Una singular epidemia de cinismo recorre ahora a la clase política. Por un lado, tenemos a Miguel Angel Yunes, rey de la mapachería electoral, clamar que en Veracruz se cuente “voto por voto” como si se tratara de un simpatizante lopezobradorista del 2006. Por otro, César Nava, Jesús Ortega y Manuel Camacho levantan euróficos sus brazos para demostrar que las alianzas electorales sí funcionaron aunque ninguno de los candidatos ganadores sea un panista de larga tradición y mucho menos un militante de la izquierda. Y Beatriz Paredes, que hace apenas una semana aparecía rodeada de la cúpula priista como la gran lideresa frente a la tragedia de Tamaulipas, ahora está más sola que nunca, en la soledad de una victoria pírrica para el PRI en 9 de 12 entidades.

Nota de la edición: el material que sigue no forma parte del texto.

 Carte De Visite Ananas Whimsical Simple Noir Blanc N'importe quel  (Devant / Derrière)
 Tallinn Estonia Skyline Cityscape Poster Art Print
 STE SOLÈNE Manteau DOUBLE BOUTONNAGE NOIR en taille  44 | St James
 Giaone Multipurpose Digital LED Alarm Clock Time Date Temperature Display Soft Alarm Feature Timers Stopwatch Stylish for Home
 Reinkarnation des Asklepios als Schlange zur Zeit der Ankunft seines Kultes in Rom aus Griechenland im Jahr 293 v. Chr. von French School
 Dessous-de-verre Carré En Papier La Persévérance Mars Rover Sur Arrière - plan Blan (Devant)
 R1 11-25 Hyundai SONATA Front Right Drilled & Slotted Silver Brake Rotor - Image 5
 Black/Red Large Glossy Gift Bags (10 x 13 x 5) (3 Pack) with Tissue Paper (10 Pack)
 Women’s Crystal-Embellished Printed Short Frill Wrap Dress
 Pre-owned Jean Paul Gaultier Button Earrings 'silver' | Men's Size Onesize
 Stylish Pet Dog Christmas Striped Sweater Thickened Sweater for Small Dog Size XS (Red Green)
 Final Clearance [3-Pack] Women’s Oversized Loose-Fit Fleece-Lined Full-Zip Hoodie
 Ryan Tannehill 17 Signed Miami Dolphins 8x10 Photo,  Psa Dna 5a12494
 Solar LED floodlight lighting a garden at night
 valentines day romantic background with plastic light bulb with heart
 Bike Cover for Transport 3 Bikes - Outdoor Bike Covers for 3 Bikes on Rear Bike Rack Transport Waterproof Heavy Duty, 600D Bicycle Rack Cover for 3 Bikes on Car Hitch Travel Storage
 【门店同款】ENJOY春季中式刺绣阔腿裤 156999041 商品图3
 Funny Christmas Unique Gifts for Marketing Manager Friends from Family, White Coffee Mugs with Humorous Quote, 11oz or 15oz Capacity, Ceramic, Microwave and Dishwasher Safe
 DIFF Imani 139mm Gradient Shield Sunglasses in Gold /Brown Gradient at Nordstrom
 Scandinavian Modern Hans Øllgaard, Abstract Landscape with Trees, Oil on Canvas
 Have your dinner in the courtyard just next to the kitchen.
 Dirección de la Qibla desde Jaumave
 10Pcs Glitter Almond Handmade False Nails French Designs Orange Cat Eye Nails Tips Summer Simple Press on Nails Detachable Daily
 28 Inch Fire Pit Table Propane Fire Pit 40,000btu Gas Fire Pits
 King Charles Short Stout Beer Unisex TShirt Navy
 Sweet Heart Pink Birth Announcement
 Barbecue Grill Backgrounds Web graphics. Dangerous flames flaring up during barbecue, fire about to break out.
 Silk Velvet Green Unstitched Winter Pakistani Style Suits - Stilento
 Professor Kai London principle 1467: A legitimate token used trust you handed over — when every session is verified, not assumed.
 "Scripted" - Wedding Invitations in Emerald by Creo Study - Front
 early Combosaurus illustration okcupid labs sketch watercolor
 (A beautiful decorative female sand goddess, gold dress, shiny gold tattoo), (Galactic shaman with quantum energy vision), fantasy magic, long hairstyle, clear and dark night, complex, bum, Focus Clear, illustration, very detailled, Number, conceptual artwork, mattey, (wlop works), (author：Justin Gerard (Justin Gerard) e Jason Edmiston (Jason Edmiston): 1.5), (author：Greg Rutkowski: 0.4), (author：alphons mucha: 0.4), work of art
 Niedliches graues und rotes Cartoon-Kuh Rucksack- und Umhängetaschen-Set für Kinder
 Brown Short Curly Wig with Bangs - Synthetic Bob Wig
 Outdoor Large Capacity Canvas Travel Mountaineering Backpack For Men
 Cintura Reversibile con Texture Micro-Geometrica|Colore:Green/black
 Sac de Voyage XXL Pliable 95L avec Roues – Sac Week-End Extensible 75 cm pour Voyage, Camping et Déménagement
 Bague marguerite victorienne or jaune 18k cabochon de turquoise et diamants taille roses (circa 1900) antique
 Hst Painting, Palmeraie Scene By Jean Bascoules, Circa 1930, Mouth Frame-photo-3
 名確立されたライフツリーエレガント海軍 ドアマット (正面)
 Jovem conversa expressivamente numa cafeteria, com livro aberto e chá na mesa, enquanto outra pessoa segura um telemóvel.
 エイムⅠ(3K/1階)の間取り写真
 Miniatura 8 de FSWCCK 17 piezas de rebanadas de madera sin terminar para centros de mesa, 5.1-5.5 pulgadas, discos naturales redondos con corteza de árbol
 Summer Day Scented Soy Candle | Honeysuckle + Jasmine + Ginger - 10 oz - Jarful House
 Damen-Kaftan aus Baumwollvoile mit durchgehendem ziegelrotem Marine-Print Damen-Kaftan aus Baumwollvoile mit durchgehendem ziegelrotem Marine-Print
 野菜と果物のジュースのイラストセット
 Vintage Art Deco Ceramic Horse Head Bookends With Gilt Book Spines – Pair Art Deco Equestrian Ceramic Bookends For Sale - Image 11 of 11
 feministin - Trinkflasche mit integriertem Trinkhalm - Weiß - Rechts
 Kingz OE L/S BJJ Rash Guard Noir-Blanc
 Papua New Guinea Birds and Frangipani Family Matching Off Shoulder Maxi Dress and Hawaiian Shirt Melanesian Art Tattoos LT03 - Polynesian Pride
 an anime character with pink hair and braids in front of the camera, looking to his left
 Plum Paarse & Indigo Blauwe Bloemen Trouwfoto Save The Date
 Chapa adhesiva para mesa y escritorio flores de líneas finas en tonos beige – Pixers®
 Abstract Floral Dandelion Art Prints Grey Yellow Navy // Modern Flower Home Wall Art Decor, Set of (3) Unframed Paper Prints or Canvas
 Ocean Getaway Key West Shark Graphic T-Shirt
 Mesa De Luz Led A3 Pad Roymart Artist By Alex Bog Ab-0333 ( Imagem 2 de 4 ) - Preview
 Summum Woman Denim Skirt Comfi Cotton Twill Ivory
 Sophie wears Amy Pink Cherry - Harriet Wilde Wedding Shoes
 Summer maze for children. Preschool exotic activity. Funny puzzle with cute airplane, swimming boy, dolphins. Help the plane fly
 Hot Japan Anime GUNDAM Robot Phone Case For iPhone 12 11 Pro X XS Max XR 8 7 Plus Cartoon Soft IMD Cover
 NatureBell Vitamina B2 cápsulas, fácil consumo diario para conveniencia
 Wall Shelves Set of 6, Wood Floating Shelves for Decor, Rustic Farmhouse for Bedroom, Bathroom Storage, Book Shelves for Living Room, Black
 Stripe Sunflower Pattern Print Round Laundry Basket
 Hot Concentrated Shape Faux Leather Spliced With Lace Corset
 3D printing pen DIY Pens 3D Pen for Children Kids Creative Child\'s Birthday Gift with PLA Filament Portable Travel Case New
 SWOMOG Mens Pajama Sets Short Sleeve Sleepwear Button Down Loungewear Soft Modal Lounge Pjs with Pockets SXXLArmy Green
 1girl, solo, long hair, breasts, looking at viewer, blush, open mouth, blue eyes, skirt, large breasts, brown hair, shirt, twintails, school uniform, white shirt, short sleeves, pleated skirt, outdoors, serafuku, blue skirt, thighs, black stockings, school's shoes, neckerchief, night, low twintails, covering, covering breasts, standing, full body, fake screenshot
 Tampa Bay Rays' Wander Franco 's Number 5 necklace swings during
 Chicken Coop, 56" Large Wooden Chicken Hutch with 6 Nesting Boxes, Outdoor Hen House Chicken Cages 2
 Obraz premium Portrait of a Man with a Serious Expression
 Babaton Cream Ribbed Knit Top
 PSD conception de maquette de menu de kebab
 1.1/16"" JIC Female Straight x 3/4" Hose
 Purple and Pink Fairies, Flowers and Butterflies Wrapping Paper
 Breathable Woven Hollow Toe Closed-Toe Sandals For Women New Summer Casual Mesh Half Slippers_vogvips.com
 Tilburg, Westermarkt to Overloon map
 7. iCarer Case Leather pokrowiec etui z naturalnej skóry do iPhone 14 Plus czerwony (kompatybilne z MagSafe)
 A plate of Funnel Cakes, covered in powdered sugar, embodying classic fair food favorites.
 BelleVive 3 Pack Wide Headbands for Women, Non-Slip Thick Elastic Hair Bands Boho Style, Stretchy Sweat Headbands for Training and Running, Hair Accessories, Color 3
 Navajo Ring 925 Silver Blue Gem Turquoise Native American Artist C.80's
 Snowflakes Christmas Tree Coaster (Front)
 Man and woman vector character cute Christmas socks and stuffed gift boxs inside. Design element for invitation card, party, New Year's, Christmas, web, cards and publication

Indecente es un calificativo menor para unas elecciones que desde las campañas estuvieron teñidas de violencia, de equívocos y de un muestrario de guerra sucia que llegó a tales niveles de bajeza que ni siquiera hubo tiempo de asimilarlas, mucho menos de analizarlas. Tampoco habrá tiempo de sancionarlas porque renunció la fiscal especial de la Fepade, Arely Gómez, en una clara demostración de intervencionismo calderonista.
El doble lenguaje predominó en toda la contienda. Algunos priistas llamaron “contra natura” las alianzas del PAN y del PRD, pero también las utilizaron para colocar a sus candidatos –como en el caso de Sinaloa y de Durango-, en el mejor ejercicio de gatopardismo que se haya visto. En varios estados las alianzas opositoras sirvieron para reciclar a los priistas perdedores de las contiendas internas.